§ Exercise description: Pictures in the material below are to be left out, and only the lines from the line with "Kit cylindre 52mm" up to and including the line with "2005 Ford F150" are to be written out exactly.

§ Materials provided:
════════
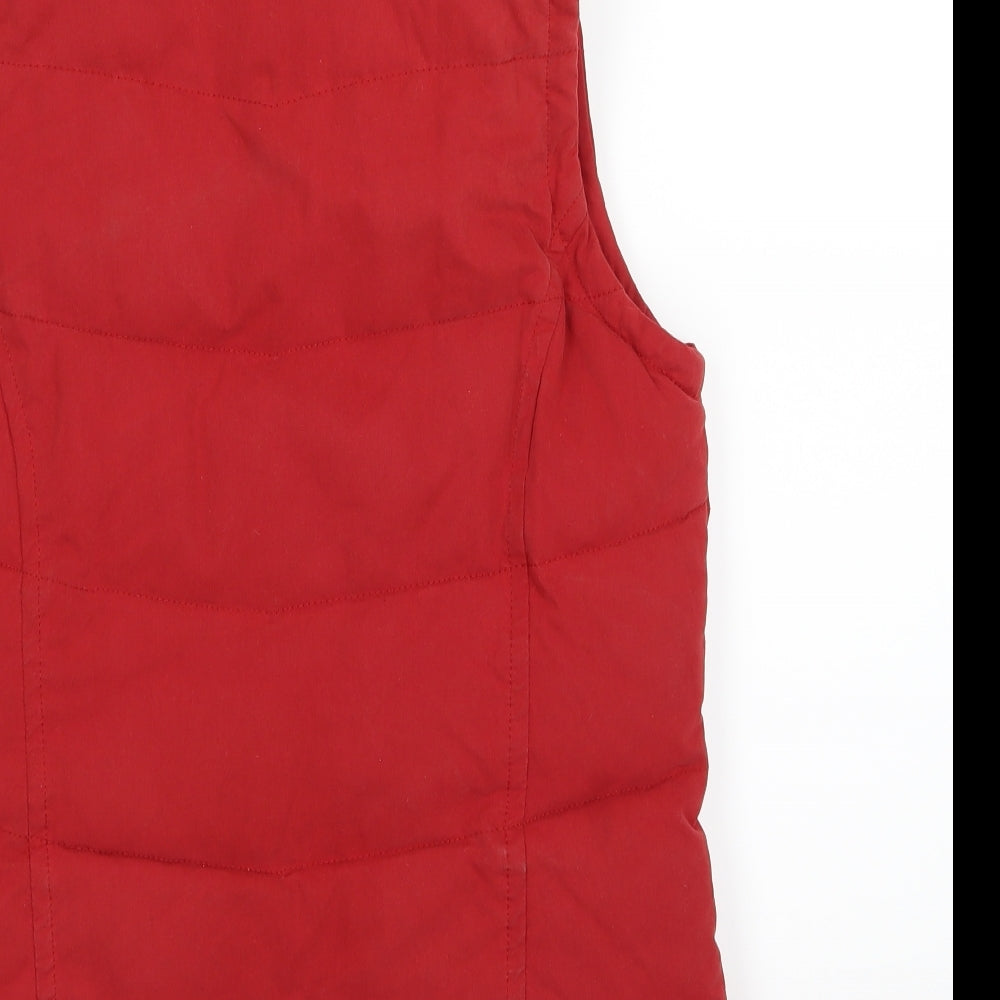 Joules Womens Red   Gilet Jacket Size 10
════════
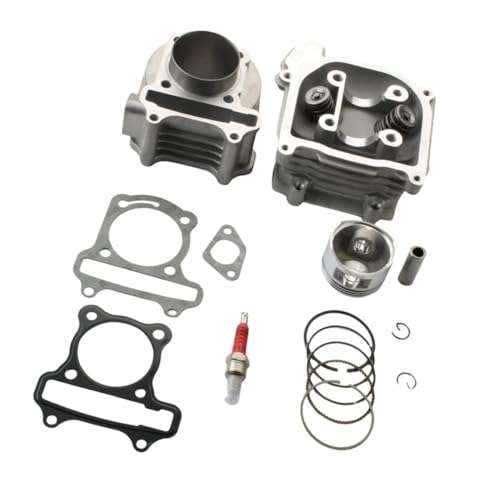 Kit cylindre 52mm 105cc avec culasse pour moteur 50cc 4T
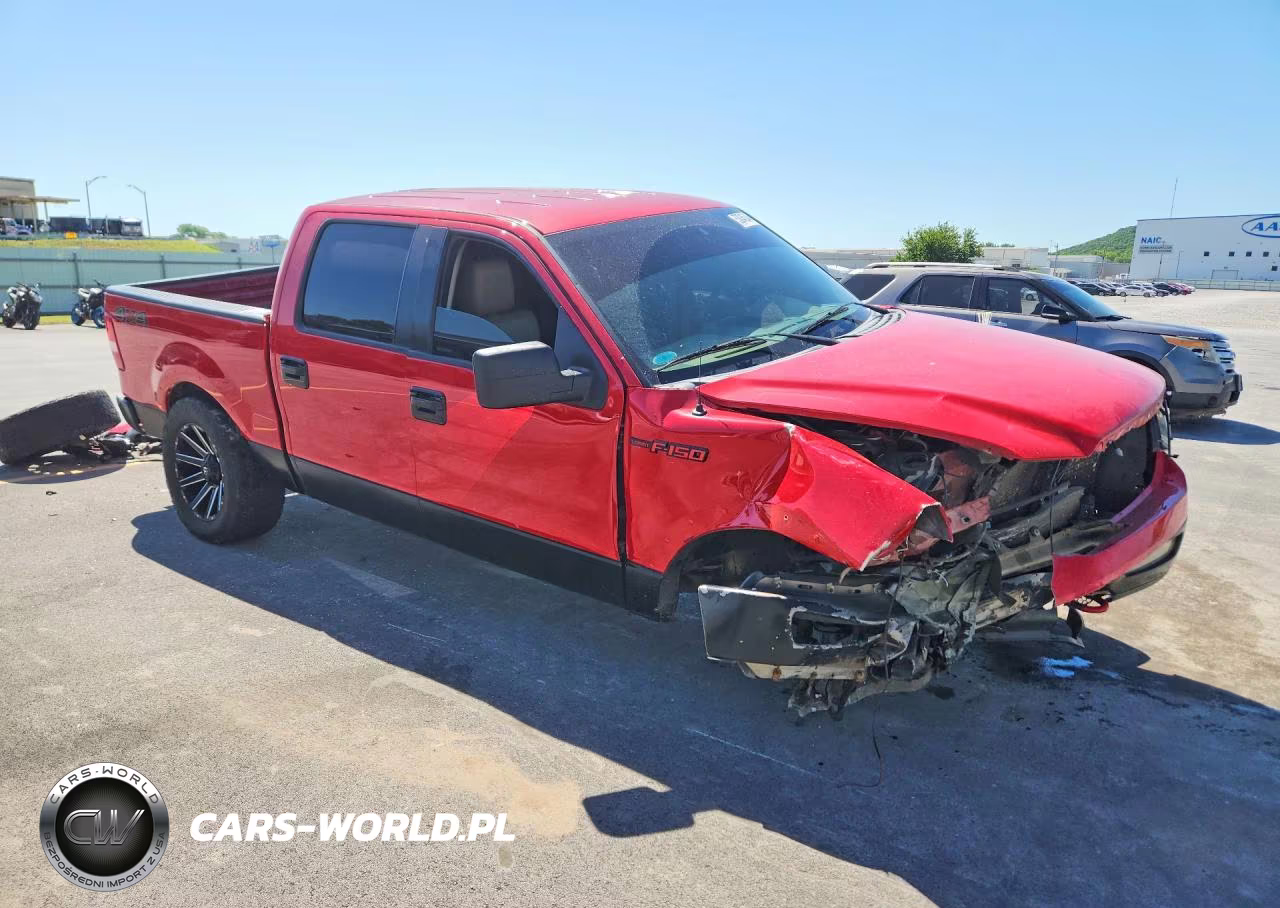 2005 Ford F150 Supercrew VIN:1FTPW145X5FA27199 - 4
════════
§ Exercise response:
 Kit cylindre 52mm 105cc avec culasse pour moteur 50cc 4T
 2005 Ford F150 Supercrew VIN:1FTPW145X5FA27199 - 4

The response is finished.